珍しいと思います(笑)。なぜとったかと言うと、僕の人生の親友が癌で死んだんです。その人も含め、ずーっと数えていくと大切な人は10人ほど亡くなっています。この歳になると、見送られる側より見送る側の方が辛いんじゃないかと。ある年齢に達すると、見送る側の方が辛くなる。だったら自分のやりたいことをもう少しやった方が良いんじゃないかな、と思って。
渡辺
そうだったんですね。最後に、ICUの在校生やこれから無限の可能性を持っている人にメッセージを頂けますか?それから姜先生の目に、今の世代の学生はどう見えていますか?

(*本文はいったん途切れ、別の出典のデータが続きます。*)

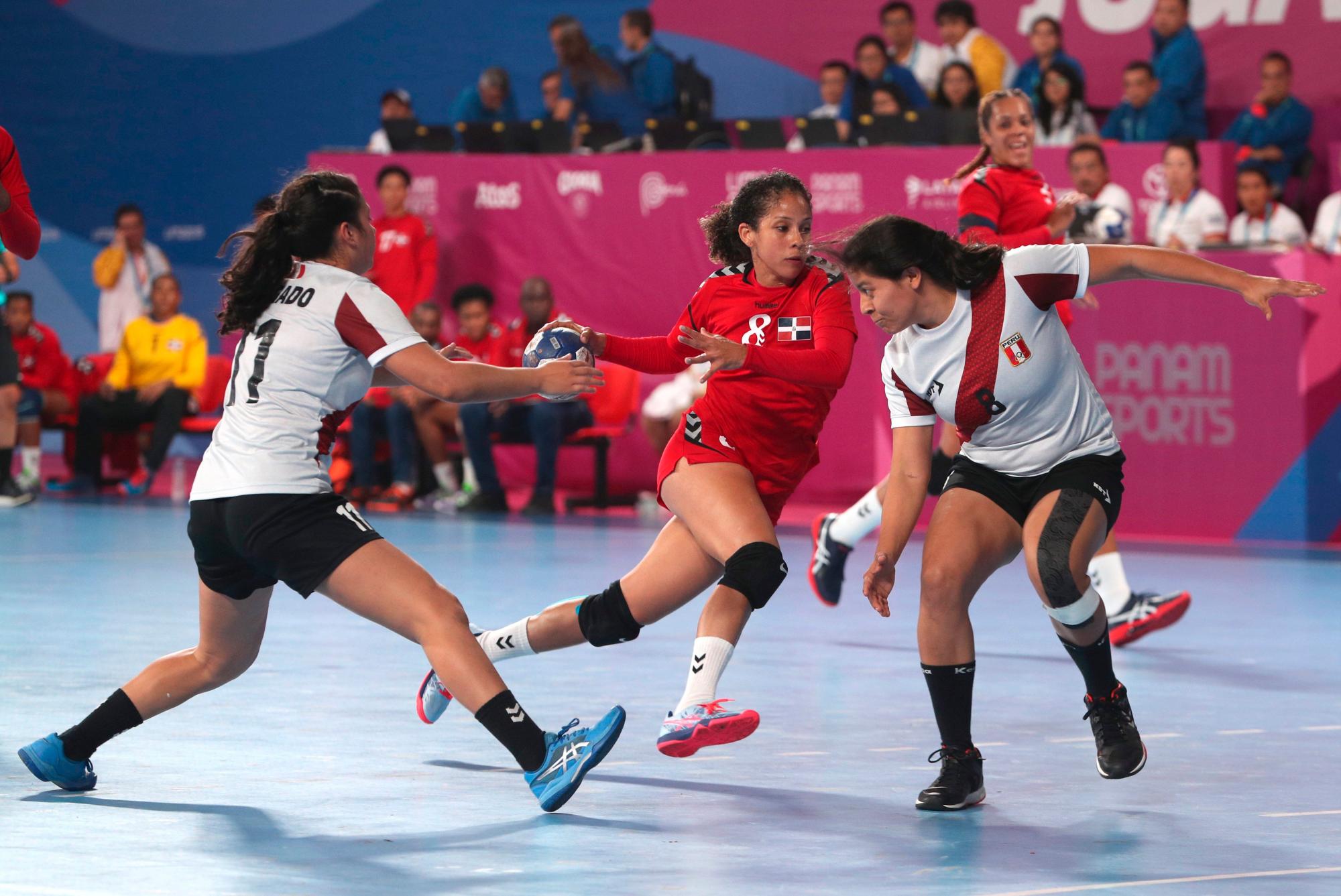 Nancy Peña (c) de Dominicana avanza frente a Camila Delgado (i) y Tifany Angulo (d) de Perú durante un partido de la ronda preliminar de balonmano femenino entre R.Dominicana y Perú en la primera jornada de los Juegos Panamericanos Lima 2019, en Lima (Perú). Los Juegos Panamericanos se disputarán del 26 de julio al 11 de agosto.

今の学生は草食系だとか、バブルボケの人達が批判していますが、バブルボケしている世代より、はるかに真面目で、はるかに着実で、はるかに全うだと思います。でも、余裕をなくしてきていますよね。就活もすぐに始まるし、4年制の大学を出た生徒の就職率が68%だと言われています。だから、答えのない問いを問い続けていって欲しい。問い続ける力ってリベラルアーツの根幹だと思います。専門家は答えのない問いしか用意しない。じゃないと専門家じゃない。リベラルアーツって人間とは何か、何を信じるか、何が正義か、どう生きたら良いかとか。だからちょうど今、マイケル・サンデル教授の話に人気が集まっているんですよね。それはずっとICUがやってきたことなんですね。リベラルアーツは今こそ必要なんじゃないでしょうか。それに飢えた人達が、ブームとして正義とか、そもそも論に走っている。それはICUがやってきたことなんです。ICUは自信を持って、それを後世に伝えていって欲しいと思います。今、日本の社会は変わらなければいけない地点に立っているのは間違いないと思います。その時、ICUはひとつの大きな突破口になると思います。リベラルアーツの良さはそこにあると思います。

プロフィール

姜尚中(カン・サンジュン)
1950年、熊本県熊本市に生まれる。 早稲田大学大学院政治学研究科博士課程修了。旧西ドイツ、エアランゲン大学に留学の後、国際基督教大学助教授・準教授などを経て、現在東京大学大学院情報学環・学際情報学府教授。専攻は政治学、政治思想史。テレビ・新聞・雑誌などで幅広く活躍。主な著書に『オリエンタリズムの彼方へー近代文化批判』、『マックス・ウェーバーと近代』、『ナショナリズムの克服』、『姜尚中の政治学入門』、『日朝関係の克服』、『在日』、『ニッポン・サバイバル』、『愛国の作法』、『悩む力』、『母〜オモニ』など。